Use this when you want PR review to focus on the new posture damage the branch is doing, not the whole legacy backlog. For scoping which files get scanned in the first place (a different concern), see --diff-base.

How it works

  1. HEAD is scanned in-process. The findings you would normally gate on become one half of the comparison, no subprocess overhead.
  2. BASE is materialized in a throwaway git worktree under the system temp dir and scanned out of process via python -m pipeline_check --output json. The subprocess inherits the parent's --pipeline / path / --checks / --standard / --custom-rules / --severity-threshold / --min-confidence / --ignore-file flags through an explicit forwarder, so each side runs the same rule set against its own tree.
  3. The two finding sets pair on a (check_id, resource) fingerprint with multiset semantics: if base has one GHA-001 on ci.yml and HEAD has two, the count of new findings is one, not zero. The resource is POSIX-normalized and lowercased so a base scan on Linux and a HEAD scan on Windows still match.
  4. Line numbers are deliberately excluded from the fingerprint, so line shifts on otherwise-unchanged code do not produce false "introduced" rows. This is the same convention --baseline and --baseline-from-git already use.

Basic invocation

Local diff vs. main:

pipeline_check --pipeline github --pr-diff origin/main

Markdown goes to stdout by default. Pass --output-file PATH to write it to disk instead; a one-line stats summary still prints to stderr either way.

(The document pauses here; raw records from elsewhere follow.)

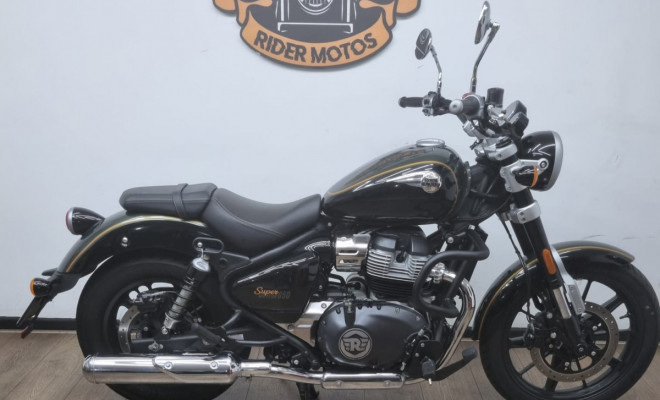 Royal Enfield Super Meteor 650 Interstellar 2025 Gasolina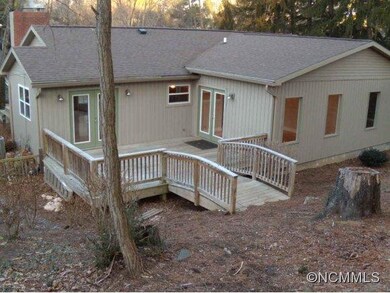 Back Deck with 2 Entrances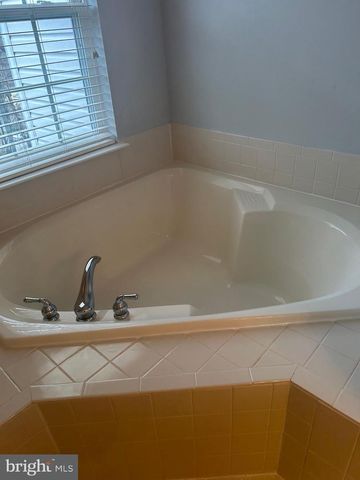 55 INKBERRY CIR, Gaithersburg, MD 20877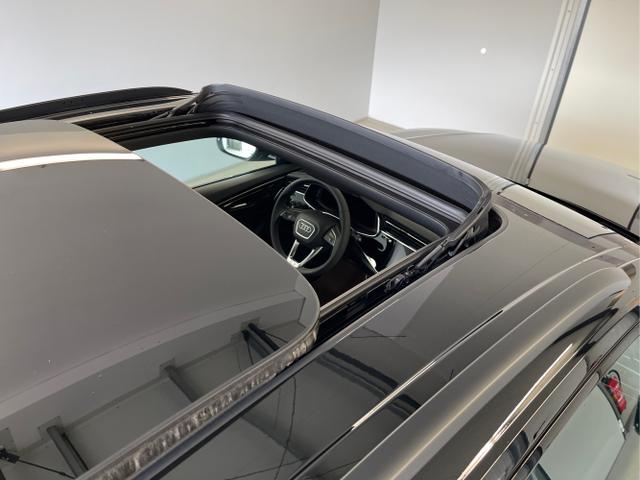 Audi / Q8 / Schwarz / / / S line STHZ+Pano+AHK+HUD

In a GitHub Actions PR job, fan the output into the run summary so reviewers see the delta without having to click into logs:

on:
  pull_request:

permissions:
  contents: read

jobs:
  pipeline-diff:
    runs-on: ubuntu-latest
    steps:
      - uses: actions/checkout@v4
        with:
          fetch-depth: 0    # required so the base ref is in the local repo
      - run: pip install pipeline-check
      - run: |
          pipeline_check --pipeline github \
            --pr-diff origin/${{ github.base_ref }} \
            --output-file pr-diff.md \
            --fail-on HIGH
          cat pr-diff.md >> "$GITHUB_STEP_SUMMARY"

fetch-depth: 0 matters: actions/checkout@v4 defaults to a shallow clone, and a base ref that wasn't in the fetched slice degrades the diff (see Degraded modes below).

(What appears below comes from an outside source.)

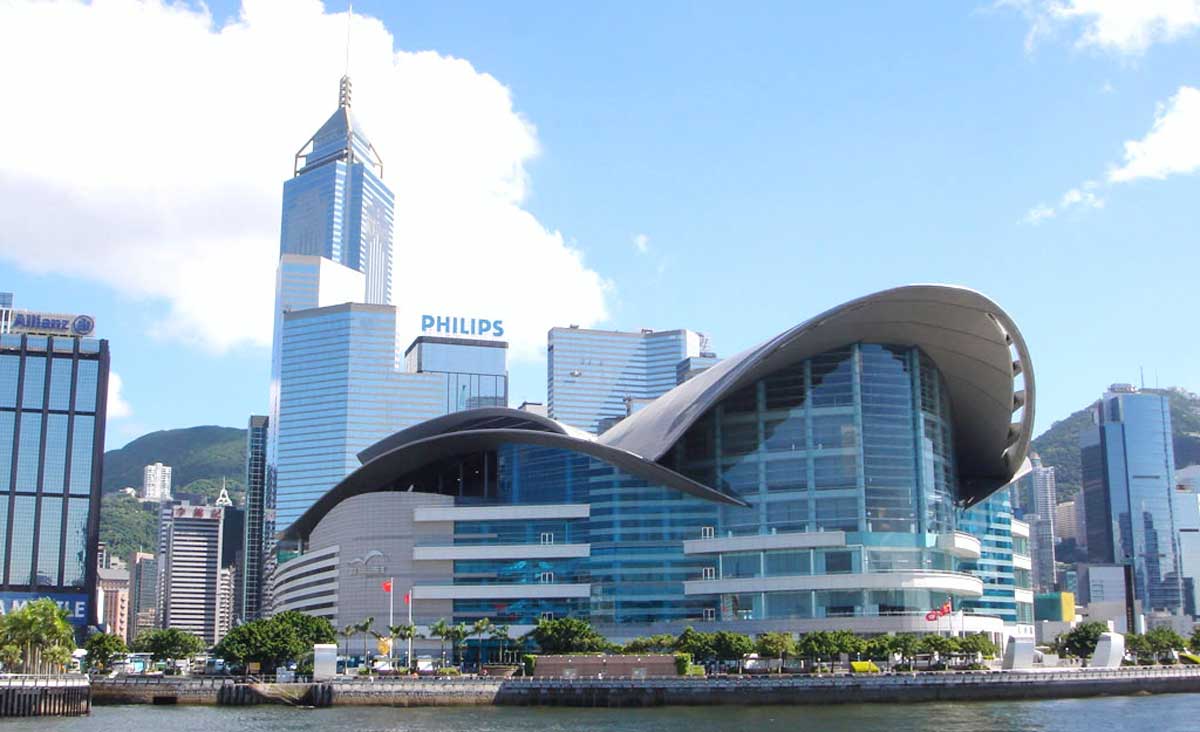 香港會議展覽中心 - 海航物流多年 展覽運輸 經驗，明白客戶所需的展覽進館、貨品補充、展覽撤館、完成展覽後物料之存倉安排。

Gating on introduced findings

--pr-diff is informational by default (exits 0 regardless of what the branch added). Combine it with --fail-on SEV to gate the PR on new posture damage only:

pipeline_check --pipeline github --pr-diff origin/main --fail-on HIGH

The gate evaluates against the introduced set only. Preserved findings explicitly do not gate, that's the point of running diff mode: the contributor isn't on the hook for problems they didn't add. Resolved findings are reported but never gate either.

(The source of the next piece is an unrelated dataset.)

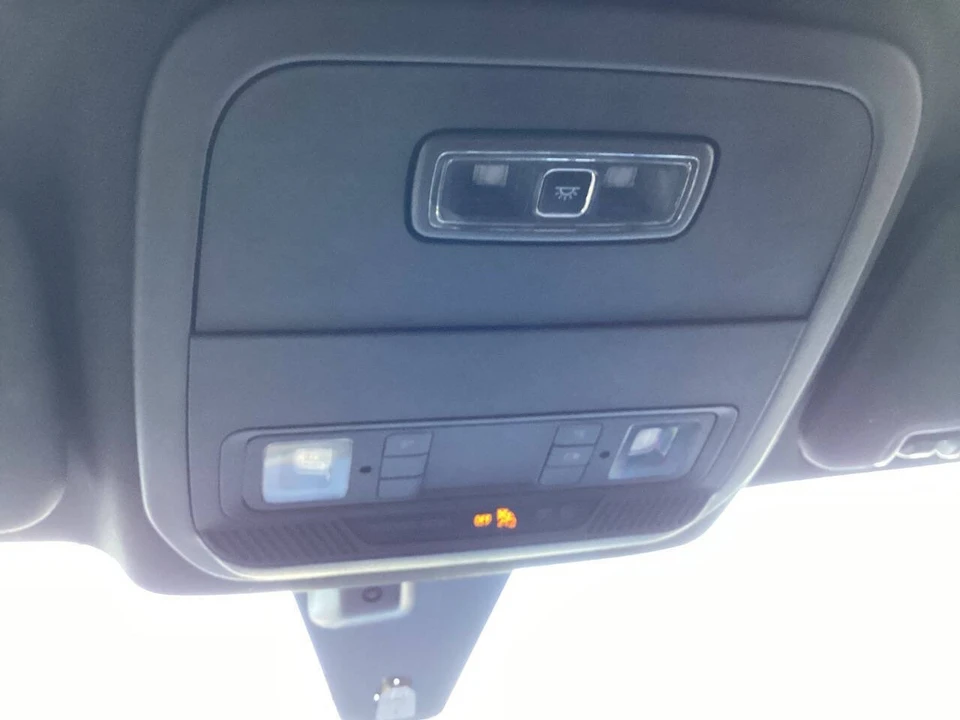 2021 Ford Explorer 6th Gen - Image 19 of 21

--pr-diff is mutually exclusive with --inventory-only, --fix, the --baseline* family, and --diff-base (each carries a competing notion of "what to compare").

Degraded modes

The mode is total: it never raises on git or subprocess failure. When the base side can't be produced cleanly, every HEAD finding shows up as introduced and the comment carries a [!WARNING] callout naming what failed. Common cases:

  • Shallow clone, base ref not fetched. The hint surfaced by the warning names the actionable fix per CI platform (fetch-depth: 0 for actions/checkout, GIT_DEPTH: 0 for GitLab CI, git fetch --unshallow locally).
  • git worktree add failure. Surfaced verbatim from git's stderr so the user has a concrete error to grep for.
  • Base subprocess JSON parse failure. A stderr warning that leaked into stdout, a non-zero exit code 2 or 3, or a missing findings array all show up as a single named warning.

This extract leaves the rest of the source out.